Created on 19 Mar 2015 · 8Comments · Source: elastic/elasticsearch

I've got a bunch of multi-match percolator queries, which are named queries as well. It would be great to be able to get a response of matched queries including matched_queries when percolating. e.g.:

  {
     "took": 0,
     "_shards": {
        "total": 5,
        "successful": 5,
        "failed": 0
     },
     "total": 2,
     "matches": [
        {
           "_index": "rethinkdb_ex",
           "_id": "user-1",
           "matched_queries": [
              "queryA"
           ]
        },
        {
           "_index": "rethinkdb_ex",
           "_id": "user-2",
           "matched_queries": [
              "queryA",
              "queryB"
           ]
        }
     ]
  }

Is this something that's planned?

:SearcPercolator Search help wanted

Source

gebrits

Most helpful comment

We're re-opening this, as the low-level lucene Matches API should make this considerably easier to implement. We don't have any plans to work on it currently, but we're happy to help if anybody from the community wants to pick it up.

romseygeek on 18 Mar 2020

👍2

All 8 comments

Hi @gebrits why no storing them as different queries in the percolator index? Can you elaborate on the usecase?

javanna on 19 Mar 2015

hi @javanna, Each multi-match query is bound to a single user for notification purposes (e.g.: sending out a mail). If I were to split out the multi-match in various queries, my notification client code would get a a bit more complicated. I.e.: having to track the results of all queries matching the same user, wrapping up the results, constructing a mail based on the aggregate results, deduping, etc.

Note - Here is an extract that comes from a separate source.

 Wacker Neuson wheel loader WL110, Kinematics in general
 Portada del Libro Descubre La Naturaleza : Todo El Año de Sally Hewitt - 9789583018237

It just feels cleaner to have it all handled by 1 multi-match query. What do you think?

gebrits on 19 Mar 2015

I am on the fence to be honest :) I always imagined this usecase with multiple alerts/queries per user and assumed that indeed the different matching queries would need to be aggregated on the client side. It feels cleaner this way to me, but I don't have a super strong opinion. I marked this for discussion, we'll see what other folks think about it. Thanks for describing your usecase!

javanna on 20 Mar 2015

No probs :) To fuel the discussion, I feel the need for clientside de-duping is the 'biggest' hurdle that would be solved with this. It's just messy. (e.g.: taking care of ordening, etc.)

gebrits on 24 Mar 2015

The trade-off between the cost of this feature (both in terms of dev cost and runtime) and the value it provides doesn't look good to me: closing.

jpountz on 28 Sep 2015

Was this ever re-addressed? My use case involves complex boolean queries that, if expanded into all individual queries, would increase the number of percolator queries very dramatically, exponentially actually. It would vastly complicate things in my app to do that. Whereas if elasticsearch could just tell me which parts of the query it matched on, like it does with named queries, that information would be incredibly valuable. If it was optional, I would gladly pay the performance cost.

sdjw on 5 Oct 2018

I'd like for it to be readressed, as well.
ES has improved tremendously over the years, and what could have been a huge performance wall then might not be now.
Our users are saving very complex queries, with lots of boolean queries. We can't possibly ask them to create one query per possible combination.
If it's optional, the performance of the many who wouldn't need this wouldn't be impacted.